[Data to examine]
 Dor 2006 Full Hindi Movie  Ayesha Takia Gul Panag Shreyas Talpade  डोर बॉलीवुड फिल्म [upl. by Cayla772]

* * *

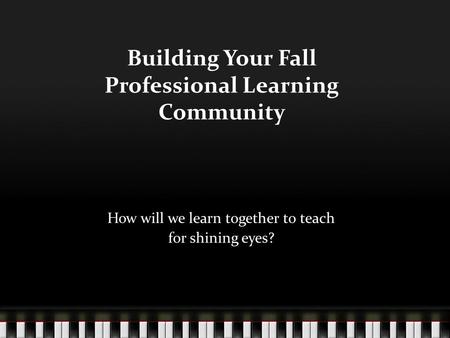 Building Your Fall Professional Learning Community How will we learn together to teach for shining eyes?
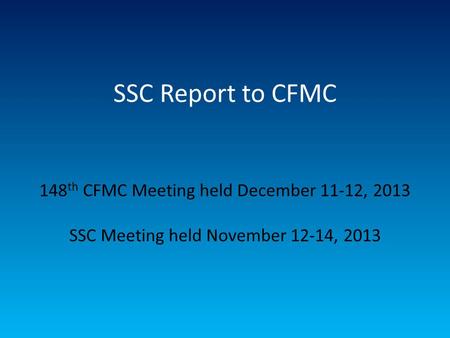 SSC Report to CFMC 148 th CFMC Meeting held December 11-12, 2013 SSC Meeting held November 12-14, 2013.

[Assignment]
Everything above from the line containing "Building Your Fall" down to the line containing "SSC Report to" is to be duplicated exactly, both lines included, and the pictures are to be omitted.

[Exercise output]
 Building Your Fall Professional Learning Community How will we learn together to teach for shining eyes?
 SSC Report to CFMC 148 th CFMC Meeting held December 11-12, 2013 SSC Meeting held November 12-14, 2013.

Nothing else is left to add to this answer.